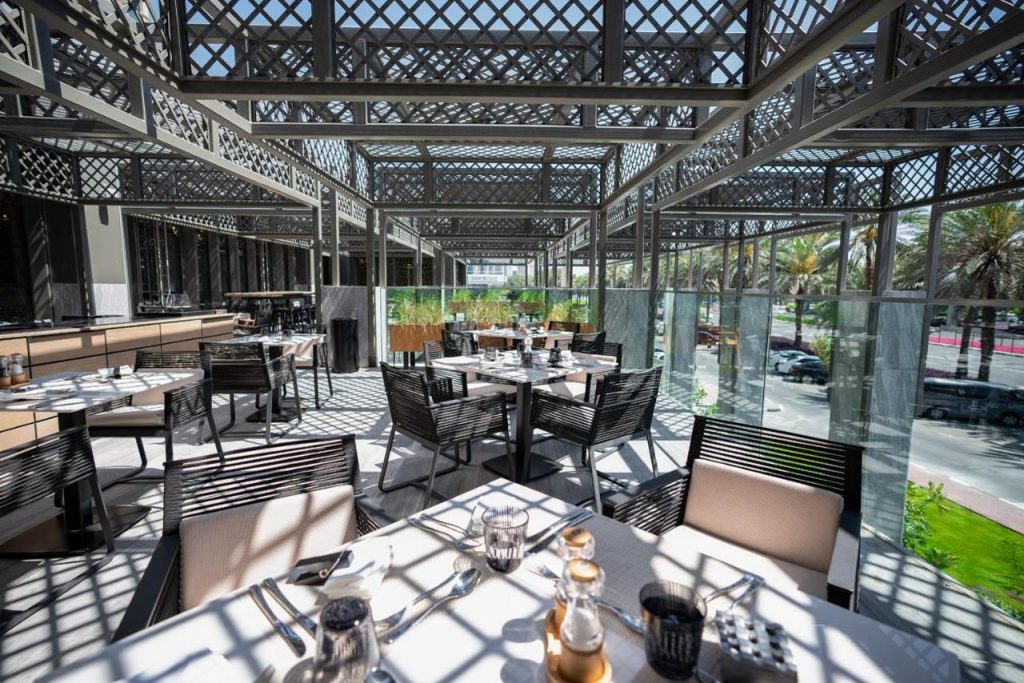 Al Bandar Rotana – Creek - Image 15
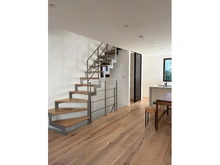 【東京都/渋谷区東】渋谷区東4丁目 新築一戸建て 階段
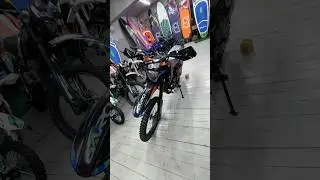 Эндуро мотоцикл GARO 300. Цена до 150 т.р. Отправка по всей РФ 🇷🇺📲8-963-500-21-11 Игорь Мячин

┄┄┄┄┄┄┄┄┄┄

Could the listing above be transcribed exactly, with the pictures left out?

 Al Bandar Rotana – Creek - Image 15
 【東京都/渋谷区東】渋谷区東4丁目 新築一戸建て 階段
 Эндуро мотоцикл GARO 300. Цена до 150 т.р. Отправка по всей РФ 🇷🇺📲8-963-500-21-11 Игорь Мячин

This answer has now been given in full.